When the job completes, the Overview tab displays the ranked inference packages that SageMaker AI generated from benchmarks performed by NVIDIA AIPerf on the GitHub website. Each package shows its optimized configuration, its performance metrics (such as Time to First Token (TTFT), inter-token latency (ITL), throughput, and cost), the recommended instance type, and a Deploy button.

A completed job showing the ranked, optimized inference packages with their metrics and Deploy buttons.
  1. Review the ranked packages and their metrics, and choose Deploy on your preferred package.

  2. In the deployment dialog box, SageMaker AI pre-fills the endpoint name and instance type. Choose to deploy to a new endpoint or to update an existing endpoint.

    When you confirm, SageMaker AI runs the following operations for you:

    • CreateModel — Registers the optimized model.
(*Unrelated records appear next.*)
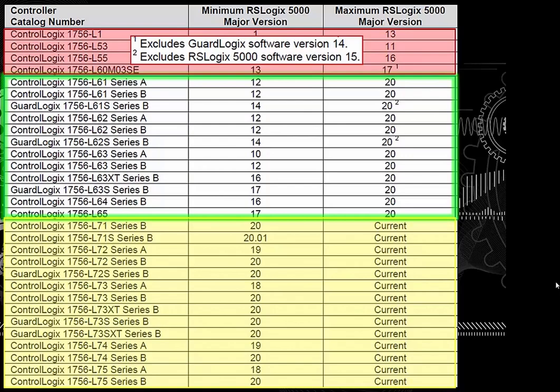Notice a subscript: the L60 M03SE excludes GuardLogix software version 14 — version 14 was one especially for a big customer like General Motors. And there's another note that excludes RSLogix 5000 software version 15. So even though it shows versions 14 to 20 for both of those, it does not include version 15 of RSLogix 5000, and it doesn't include GuardLogix for version 14.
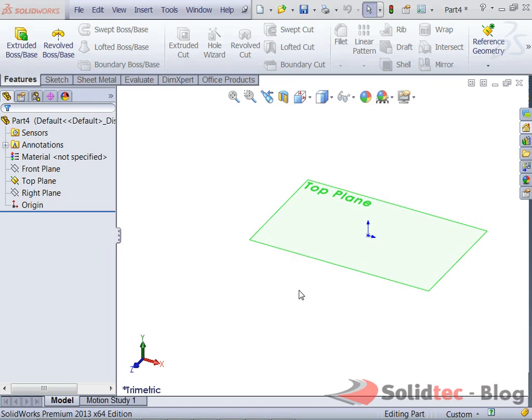Hello and welcome. My name is Darren Silsby, application engineer at Solid Tech. I'm just going to take you through how to make a cone shape within the sheet metal tools using the loft command.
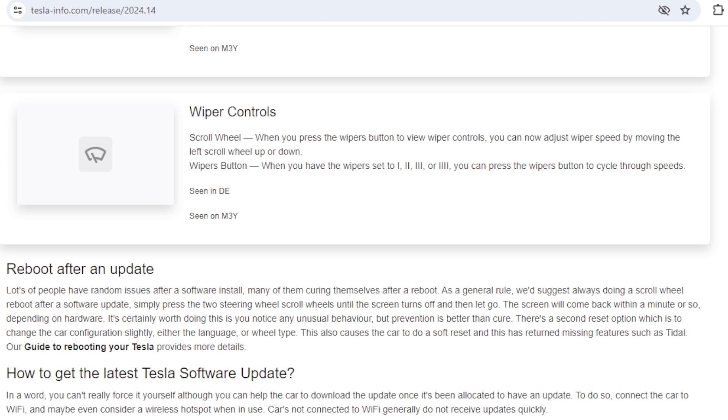Anyway, that's a run through of the release notes that we've seen so far. Our website will automatically update as new notes become available if they do. We take them directly from cars so you can always trust them.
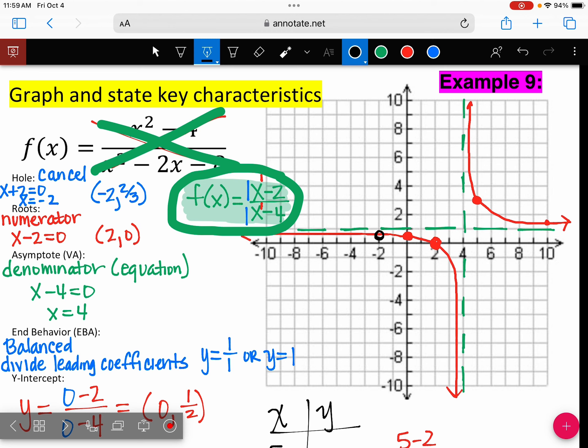We have our graph. We have a removable discontinuity at negative 2. And what kind of discontinuity do we have at X equals 4? An infinite discontinuity. That's all there is to it. One more example, and then we're finished.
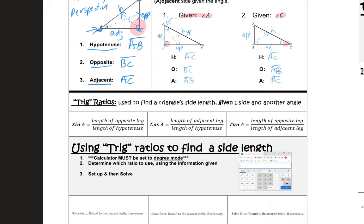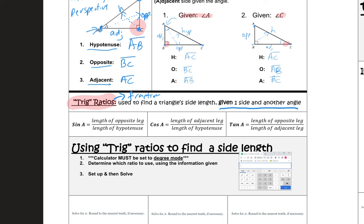Now that we can identify opposite, adjacent, and hypotenuse, let's talk about what are called trig ratios. A ratio is just a fraction. Trig ratios are used to find a triangle's side length if we're given one side and another angle, and they only apply to right triangles.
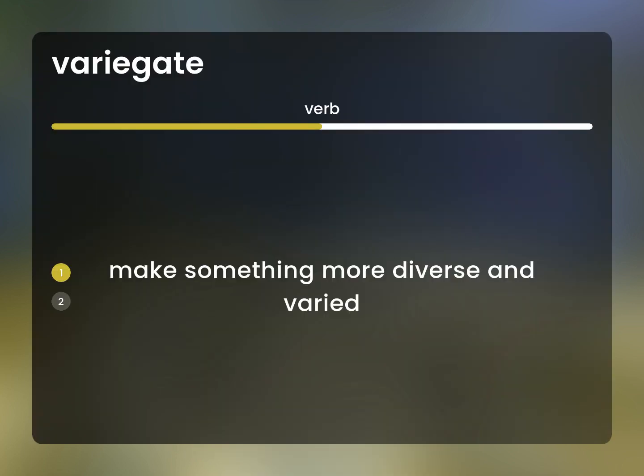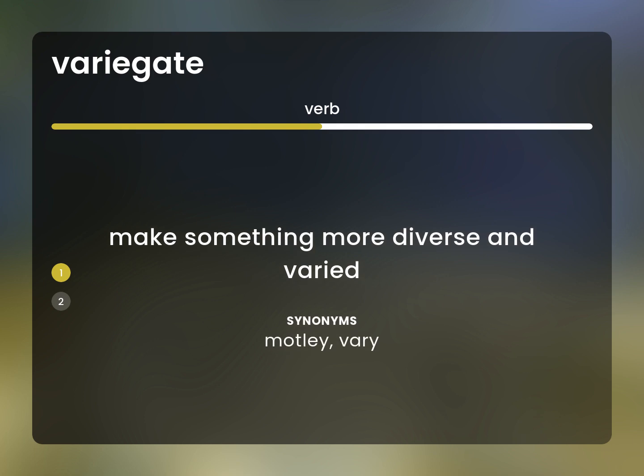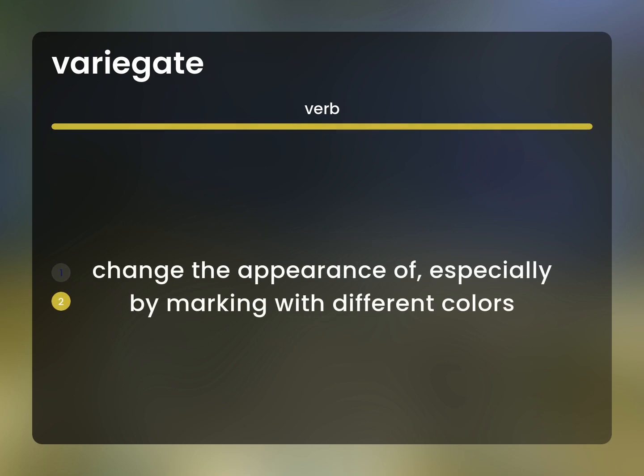Make something more diverse and varied. Motley, vary. Change the appearance of, especially by marking with different colors.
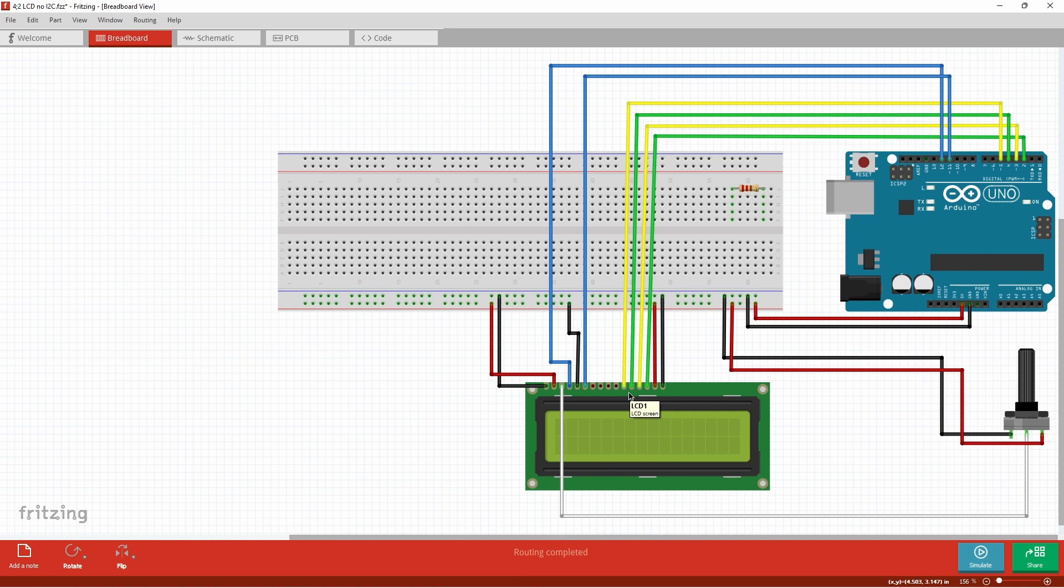Now pin 15 and 16 are dedicated for the backlight and controlling it. The pin 15 you have to supply a voltage towards that pin so it has to be connected to the hot wire and the cathode has to be grounded.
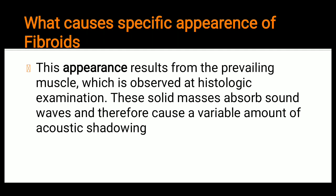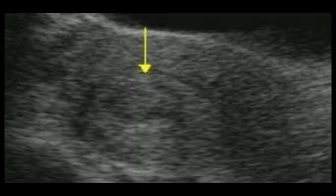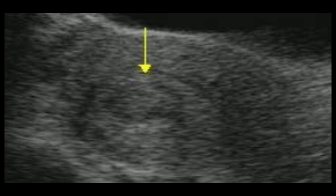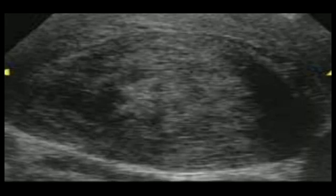If we do the histological examination of a hysterectomized uterus, that will give us the confirmatory report. Because of those prevailing muscle bundles, we see the specific appearance. These solid masses absorb sound waves and therefore cause a variable amount of acoustic shadowing. You can see the concentric solid as well as the hypoechoic masses in this ultrasound.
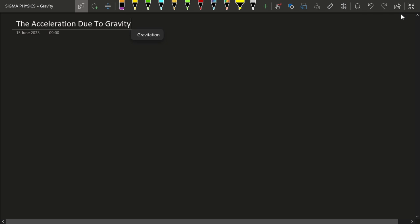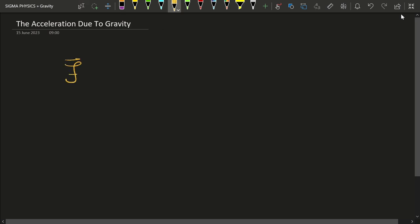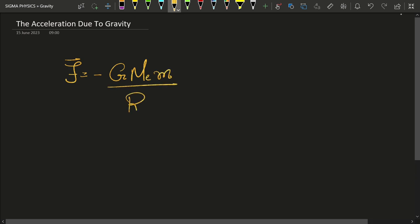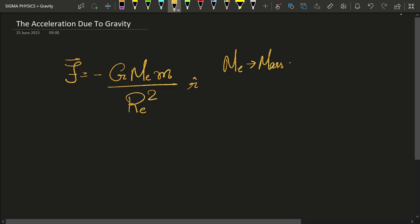First of all, you should know what is the acceleration due to gravity on the surface of Earth. The gravitational force on any mass is given by G times M_e times m divided by R_e squared, times r-cap, where r-cap is the unit vector in the polar coordinate system with origin at the center of the Earth. M_e is the mass of the Earth and m is the mass of the body on which we are measuring the gravitational force due to Earth.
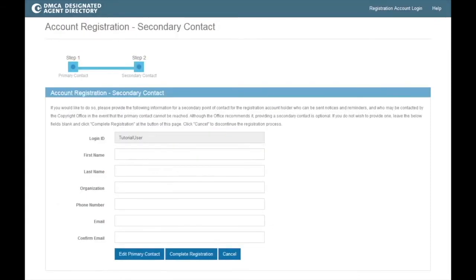While adding a secondary contact is optional, it is strongly recommended to best ensure that important communications from the office reach the appropriate person.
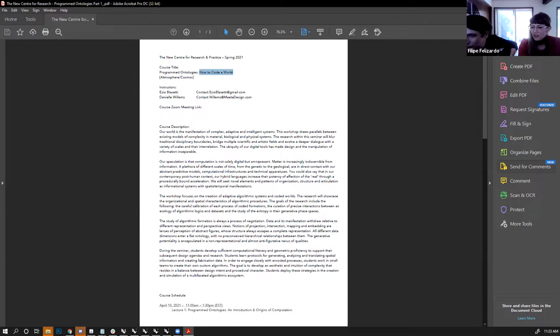The instructors express curiosity about students' backgrounds so they can curate today's and future sessions accordingly. They invite a round-robin self-introduction via Zoom — name, background, what brings each person here, and what they're looking forward to in the program.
    • CreateEndpointConfig — Sets up the endpoint configuration.

    • CreateEndpoint — Provisions the endpoint.

  3. Wait for the endpoint to reach the InService status. You can then invoke it to serve inference requests.

Manage optimization jobs

The Jobs, Inference optimization page provides centralized management of your jobs:

  • Search and filter. Use the search bar to filter jobs by name.

  • Stop a running job. Select a job, choose Actions, choose Stop, and then confirm.

  • Delete a job. Select a completed or failed job, choose Actions, choose Delete, and then confirm.

  • Inspect details. Choose any job to open its detail page with the Overview, Settings, and Details tabs.

Consider re-running an optimization job after you fine-tune or update your model, when new instance types become available in your AWS Region, when your traffic patterns change significantly, or after a serving container or framework upgrade. You can also re-run jobs on a regular cadence, such as every two weeks, to pick up the latest optimizations as SageMaker AI adds them.